This isn't a product pitch. I just want to share some real problems I ran into while building persistent memory for an AI agent, and the approach I ended up with. The code is open source — my approach might not be the best one, and I'd love to hear how others are tackling the same problems.
The Problem
When building memory for an agent, the most immediate question is: once you've stored hundreds of memories, how do you make sure the most relevant ones surface during retrieval?
Information has a shelf life. Yesterday's debug log, last week's temporary workaround, last month's architecture decision — they all have very different levels of importance. If every memory is treated equally, retrieval results get flooded with stale noise, and the actually valuable stuff gets buried.
My approach was to give memories a lifecycle — new information starts in an observation period, valuable stuff gets promoted upward, and outdated entries naturally sink to the bottom.
Three-Layer Design: Buffer → Working → Core
I settled on a three-layer structure:
Most ephemeral information ("just ran a test", "build passed") stays in Buffer and naturally sinks. The genuinely valuable stuff floats up over time. No manual curation needed — the system filters on its own.
Decay: Letting Priority Shift Over Time
Decay doesn't delete data. It adjusts retrieval ranking to reflect recency. The longer a memory goes unused, the lower it ranks in search results.
decay_score = importance × e^(−decay_rate × idle_hours / 168)
Buffer: decay_rate = 5.0 → sinks within days of inactivity
Working: decay_rate = 1.0 → takes weeks to noticeably drop
Core: decay_rate = 0.01 → practically permanent
There's one special case — procedural knowledge (deployment steps, coding standards, etc.).
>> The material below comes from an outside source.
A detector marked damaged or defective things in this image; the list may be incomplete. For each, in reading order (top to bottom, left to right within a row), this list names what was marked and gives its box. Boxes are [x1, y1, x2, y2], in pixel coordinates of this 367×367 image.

These get a decay rate of 0.01 regardless of layer, because process knowledge shouldn't lose priority over time. It doesn't matter if you haven't looked up "how to deploy" in a month — it needs to be there when you need it.
An early mistake I made: applying uniform decay to all memories. The result was that the agent kept losing track of deployment procedures and had to ask again every time. Once I differentiated by memory type, the problem went away.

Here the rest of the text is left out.